(CN) – The 9th Circuit on Monday gave new life to a long-running dispute over a California county’s ordinance that could ban gun shows on its property, finding that several U.S. Supreme Court decisions over the last six years call into question whether the ban violates the Second Amendment.
More than a decade ago, Alameda County passed an ordinance that makes it a misdemeanor to bring or posses a firearm or ammunition on county property. Gun show promoters Russell and Sallie Nordyke sued the county, arguing that the ordinance was really meant to prohibit gun shows that the couple had hosted at the county’s fairgrounds since 1991.
While the ordinance did not specifically mention gun shows, the Nordykes citied public comments made by county officials that they claimed revealed the law’s real purpose. The county maintained that it passed the ordinance to combat an increase in gun violence on county property.
Several iterations of the lawsuit, first filed in 1999, ran a circuitous and long-suffering route from the District Court, to a full panel of the 9th Circuit to the California Supreme Court and back, resting finally in the Northern District of California, where U.S. District Judge Martin Jenkins ruled for the county.
Jenkins denied the Nordykes’ motion to amend their complaint to add claims under the Second Amendment, and granted summary judgment to the county on First Amendment and equal protection claims.
On remand from an en banc hearing in the 9th Circuit, a three-judge panel of the federal appeals court in San Francisco agreed with the District Court on the First Amendment and equal protection issues, but found that the Nordykes should be allowed to amend their complaint because all of the U.S. Supreme Court’s “modern Second Amendment case law” – including the landmark 2008 rulings in McDonald v. Chicago and District of Columbia v. Heller – has been decided during the six years since they submitted their proposed second amended complaint.
“Accordingly, there may well be facts which the Nordykes did not consider relevant in 2004, and thus did not allege in the proposed second amended complaint, but which, if now alleged, might plausibly suggest that the ordinance substantially burdens the Nordykes’ Second Amendment rights,” Judge Diarmuid O’Scannlain wrote for the panel.

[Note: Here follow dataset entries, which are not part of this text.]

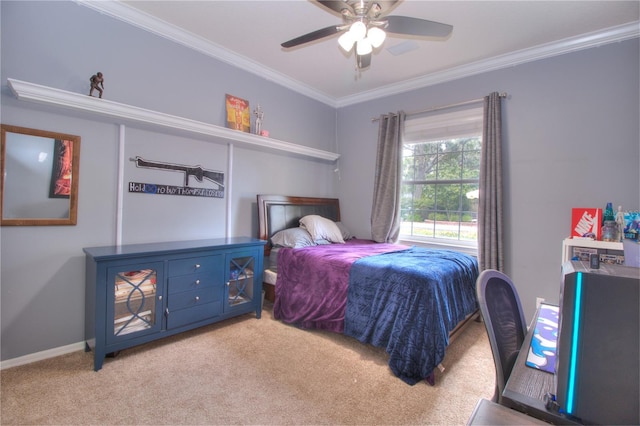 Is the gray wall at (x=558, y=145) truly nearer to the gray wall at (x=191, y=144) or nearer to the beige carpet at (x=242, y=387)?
the gray wall at (x=191, y=144)

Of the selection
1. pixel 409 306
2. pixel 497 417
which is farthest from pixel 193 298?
pixel 497 417

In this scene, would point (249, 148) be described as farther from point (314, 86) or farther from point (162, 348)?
point (162, 348)

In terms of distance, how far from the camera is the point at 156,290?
7.39ft

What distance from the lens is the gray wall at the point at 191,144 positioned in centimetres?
207

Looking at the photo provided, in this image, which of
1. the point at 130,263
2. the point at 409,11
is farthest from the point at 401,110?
the point at 130,263

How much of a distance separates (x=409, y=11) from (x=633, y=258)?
7.83 feet

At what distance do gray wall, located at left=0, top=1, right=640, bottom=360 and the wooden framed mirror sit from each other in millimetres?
66

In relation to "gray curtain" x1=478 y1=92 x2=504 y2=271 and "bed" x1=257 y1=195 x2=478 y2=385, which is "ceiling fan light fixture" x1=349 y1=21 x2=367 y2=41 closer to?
"bed" x1=257 y1=195 x2=478 y2=385

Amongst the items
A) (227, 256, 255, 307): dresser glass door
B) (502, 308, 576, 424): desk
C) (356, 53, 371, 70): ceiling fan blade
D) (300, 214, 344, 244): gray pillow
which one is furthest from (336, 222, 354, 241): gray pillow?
(502, 308, 576, 424): desk

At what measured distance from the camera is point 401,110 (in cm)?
374

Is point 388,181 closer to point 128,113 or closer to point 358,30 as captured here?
point 358,30

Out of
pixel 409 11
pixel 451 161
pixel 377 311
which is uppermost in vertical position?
pixel 409 11

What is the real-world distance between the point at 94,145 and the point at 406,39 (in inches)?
111

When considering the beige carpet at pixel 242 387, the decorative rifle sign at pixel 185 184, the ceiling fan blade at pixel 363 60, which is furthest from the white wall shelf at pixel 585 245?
the decorative rifle sign at pixel 185 184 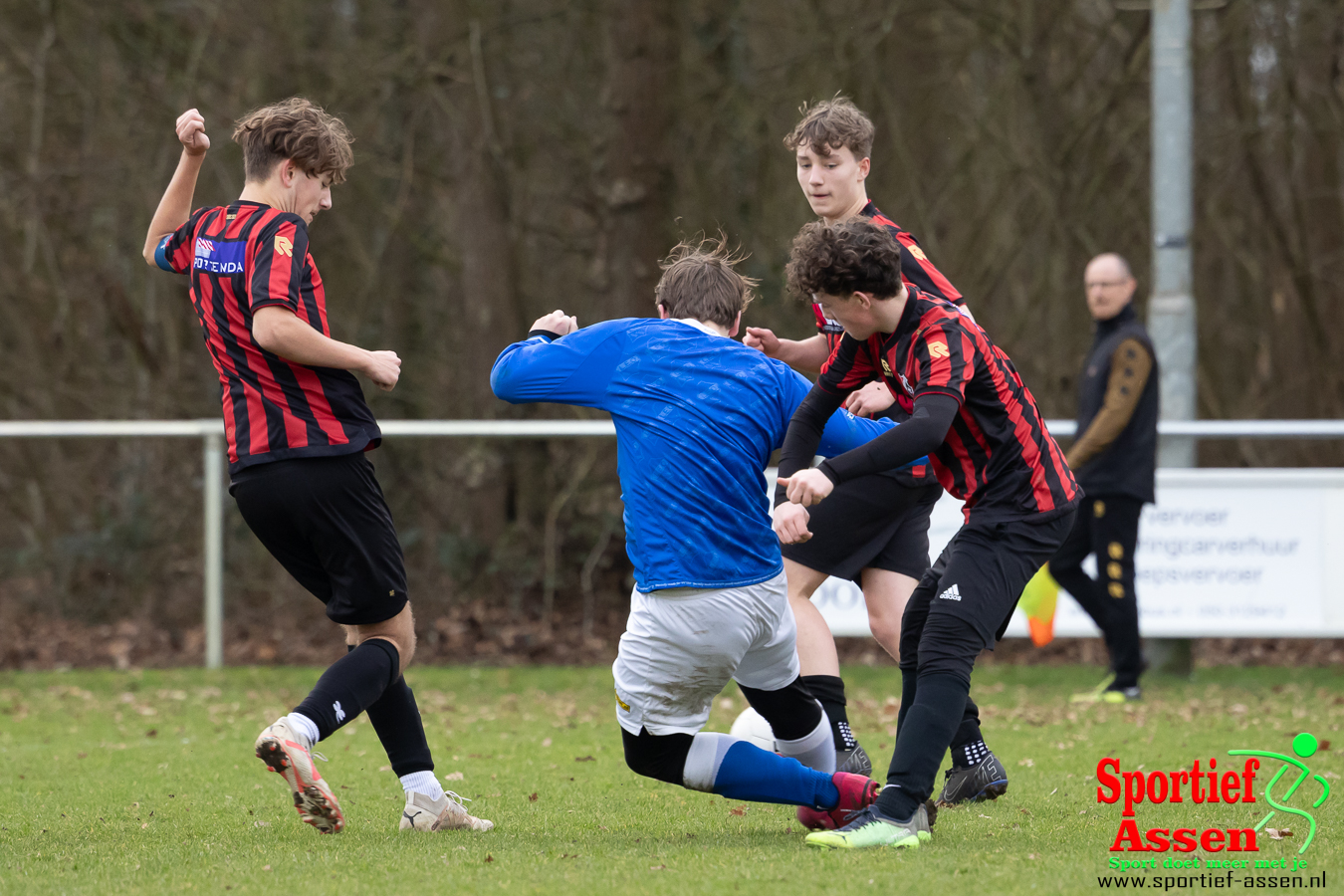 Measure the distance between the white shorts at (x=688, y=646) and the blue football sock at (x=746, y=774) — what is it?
0.28 feet

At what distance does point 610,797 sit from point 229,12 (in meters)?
9.56

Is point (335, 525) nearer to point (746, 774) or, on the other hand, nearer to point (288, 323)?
point (288, 323)

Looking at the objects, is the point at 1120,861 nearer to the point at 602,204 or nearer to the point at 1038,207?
the point at 602,204

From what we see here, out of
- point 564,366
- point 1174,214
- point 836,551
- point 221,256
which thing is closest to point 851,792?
point 836,551

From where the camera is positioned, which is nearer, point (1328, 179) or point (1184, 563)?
point (1184, 563)

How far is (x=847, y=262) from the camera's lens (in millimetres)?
3803

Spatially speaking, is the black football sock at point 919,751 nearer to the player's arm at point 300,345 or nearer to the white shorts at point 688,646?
the white shorts at point 688,646

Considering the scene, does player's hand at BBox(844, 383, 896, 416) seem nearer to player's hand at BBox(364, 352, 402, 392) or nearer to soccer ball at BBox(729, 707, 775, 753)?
soccer ball at BBox(729, 707, 775, 753)

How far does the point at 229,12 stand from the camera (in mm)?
12383

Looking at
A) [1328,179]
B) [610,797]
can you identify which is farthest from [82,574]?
[1328,179]

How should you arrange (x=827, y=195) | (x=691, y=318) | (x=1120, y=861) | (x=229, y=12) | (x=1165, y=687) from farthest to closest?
(x=229, y=12), (x=1165, y=687), (x=827, y=195), (x=691, y=318), (x=1120, y=861)

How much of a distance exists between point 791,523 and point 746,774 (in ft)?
2.36

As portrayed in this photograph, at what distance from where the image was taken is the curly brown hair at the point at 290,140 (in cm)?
424

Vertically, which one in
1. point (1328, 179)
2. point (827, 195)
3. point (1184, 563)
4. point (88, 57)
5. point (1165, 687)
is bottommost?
point (1165, 687)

“Therefore, to the extent that the District Court’s denial of leave to amend was with prejudice, it must be vacated and the Nordykes given the opportunity further to amend their complaint. If they do, the District Court should consider, in light of Heller, McDonald, and this opinion, whether the Nordykes have alleged a viable Second Amendment claim.”
In affirming the District Court’s ruling in favor of Alameda County on the Nordykes’ First Amendment claim, the judges said they were not convinced by the argument that the county had adopted the law to limit the free expression of members of the “gun culture.”
“The ordinance’s language suggests that gun violence, not gun culture, motivated its passage,” O’Scannlain wrote. “Here, there is sufficient evidence to suggest that the ordinance furthers the county’s interest in keeping those on its property safe from gun crime.”
For their equal protection claim, the Nordykes argued that the county favored military re-enactors over gun-show participants, as the ordinance allowed such re-enactors, who carry historic firearms loaded with blanks, to use the fairgrounds.
Again, the panel found the Nordykes’ argument wanting.
“The county could reasonably conclude that gun shows are more dangerous than military reenactments,” O’Scannlain wrote. “This is enough to satisfy rational basis scrutiny.”